Clowney’s hit is the most legal tackle you might ever see in your lifetime.

The NCAA is condemning this tackle because the players’ helmet popped off and when Clowney hit Smith in the chest the crown of his helmet slid up into his chin area. This puts players’ safety into the hands of referees, rather than the players and coaches themselves.

Referees have to make the correct judgment call and if they eject someone for a clean hit then it might cost a team a huge game. In Oregon vs Nicholls State, Duck defender Terrance Mitchell went to tackle Nicholls State quarterback Beaux Hebert coming full-force as Hebert slid at the last second. Mitchell hit Hebert in the head area but seemed unavoidable. That isn’t necessarily a clean hit but somebody shouldn’t get ejected because of it. A player should only get ejected if they intentionally go for the head region. It just goes back to making proper judgment, which is hard to do in the heat of the moment.

“I would have left the enforcement the way it was – a 15-yard personal foul. Period,” former NFL head of officiating Mike Pereira said.

However, illegal hits do not always apply to the defensive side of the ball.
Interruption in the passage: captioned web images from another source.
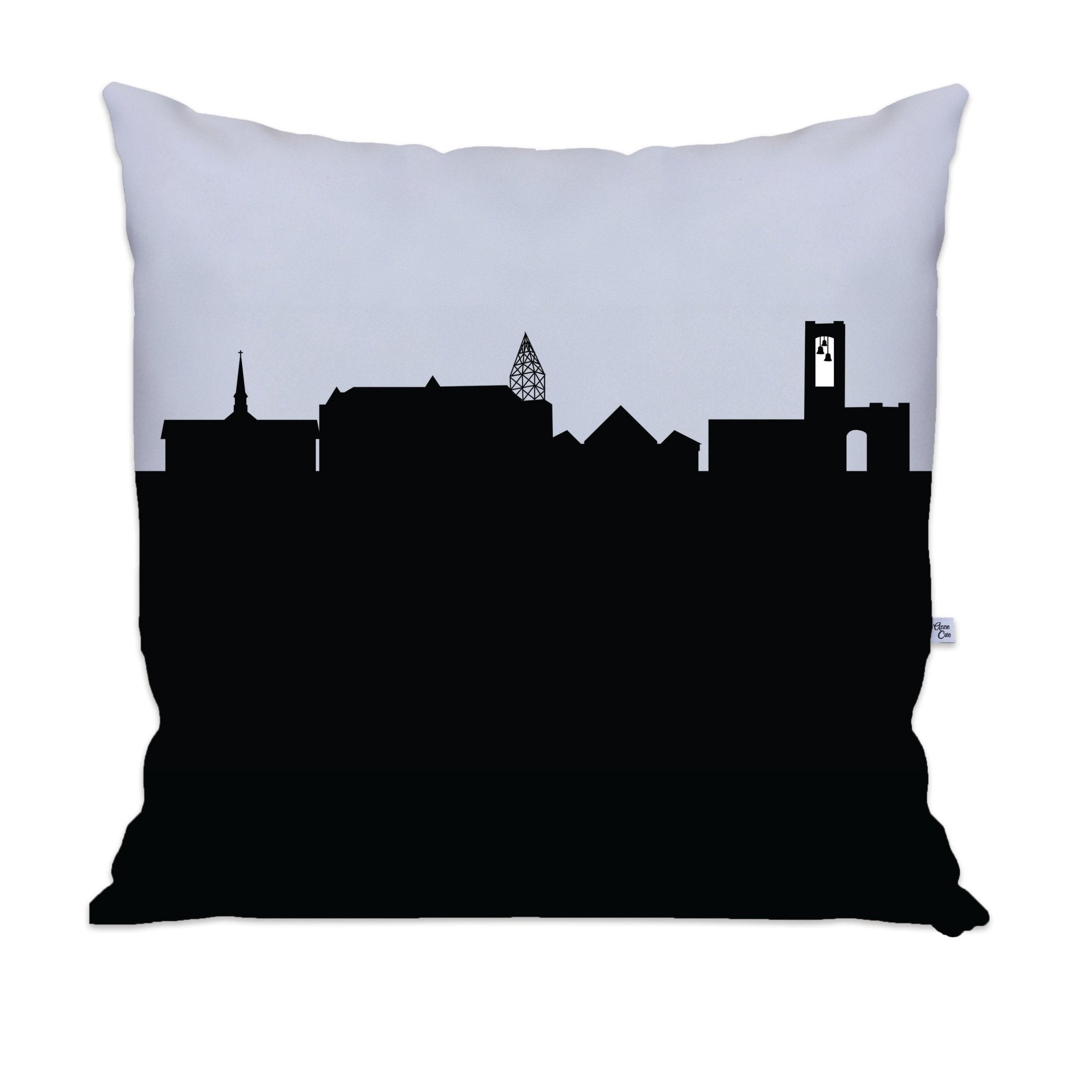 North Canton OH (Walsh University) Skyline Large Throw Pillow - Anne Cate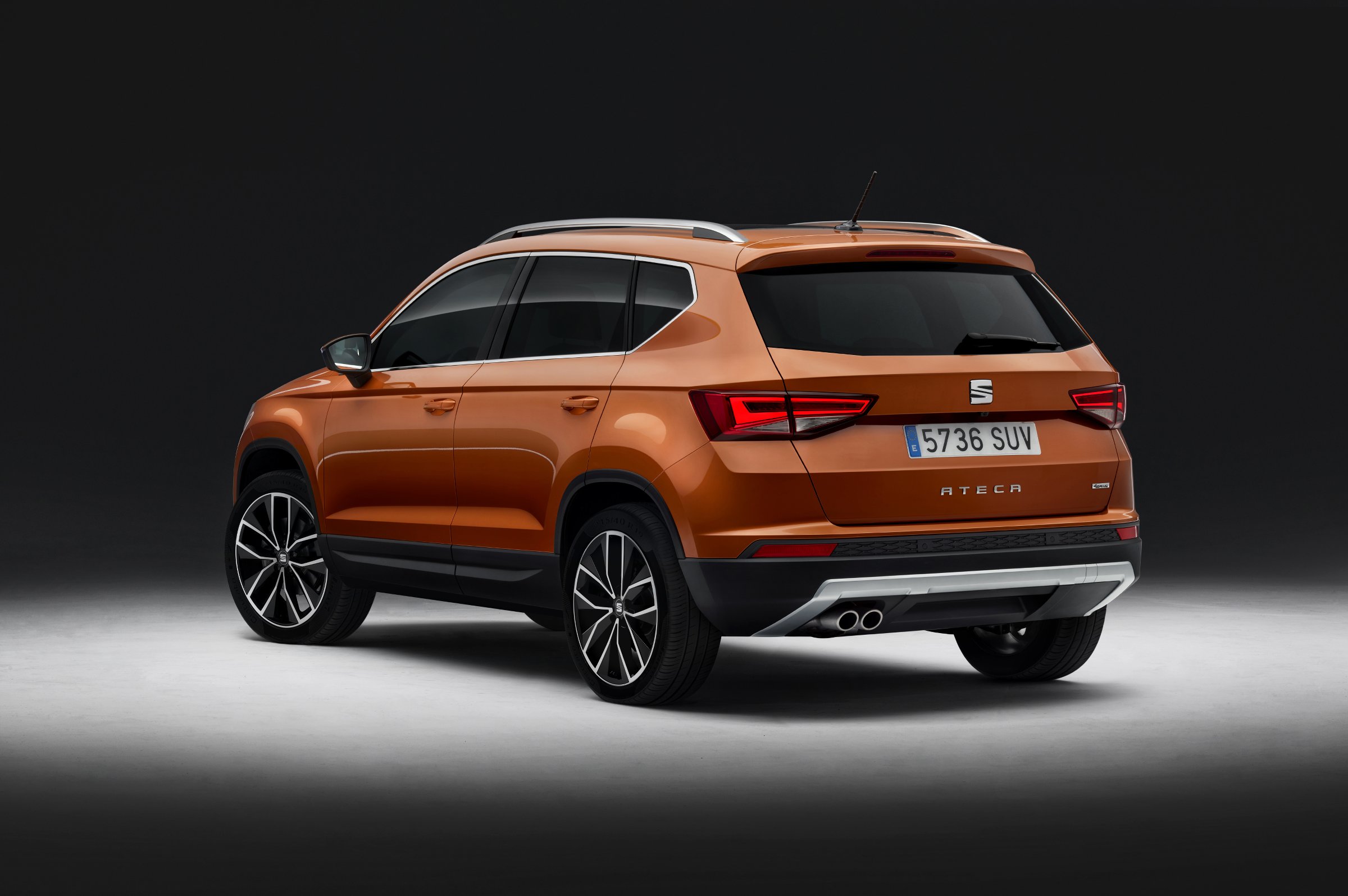 The Ateca's bodywork is covered in sharp creases...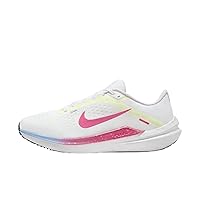 Winflo 10 Women's Road Running Shoes (FZ3973-100, White/Barely Volt/Aquarius Blue/Hyper Pink) Size 6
One thing offensive players live for are blindside blocks and big hits. A receiver should not get flagged for putting his helmet in a defenders chest on a block for his running back but yet it’s something we have seen. Former Nebraska University receiver, Kenny Bell, block on Wisconsin University defender Devin Smith in the Big Ten championship game prevented Smith from scoring but called for a penalty. Fox announcer Gus Johnson put it best “That’s footballàwhat is he supposed to do?’ The NCAA, however, instilled the “Kenny Bell” rule claiming a receiver cannot throw a blindside block.

In 2011, the NCAA instilled a safety precaution involving players who have lost their helmets during game play.

This could change the gameplay dramatically.

In a crucial moment of the game a player could just rip off another player’s helmet in order to male that player sit or stop game play. In the Wake Forrest and Duke game, running back, Jela Duncan has an easy touchdown but Wake defender Justin Jackson rips his helmet off and stops all momentum. More players might see something like this and use it to stop a big play from happening.

Baltimore Raven’s blogger and WNST show host Jeff Kryglik agrees that players just need to be able to play the game for what it’s always been.

He sees where the NCAA and NFL should protect their players but said a sport known for contact is losing the contact portion. He said each player knows the risk of playing the game of football from when they are little kids to grown men.

“Get a grip NFL… let the players play,” he said.

Pereira said he sees the new rules saving football killing the sport in the future.

“The NFL has the same issues as college,” Pereira said. “This isn’t all about college football. The rules are about parents who don’t want to put their kids in Pop Warner football because they are scared of all coverage about concussions. I have news for you: if the game dries up on the Pop Warner level, it will on every other level, too. There is no college or NFL football. It’s a trickle-up effect.”

The game is becoming faster, and athletes are too. There are safety measures that do need to be taken but with these changes that they are making, the NFL and NCAA are slowly but surely making every play moves become non-existent.

The big hits that spark a moment swing are becoming less relevant. The big cut block that a lineman needs to make to save his quarterback is fading away. These are just a few things that can change the dynamics of the game but they are being taken away and it’s just disappointing seeing plays you grew up with being turned into grainy memories.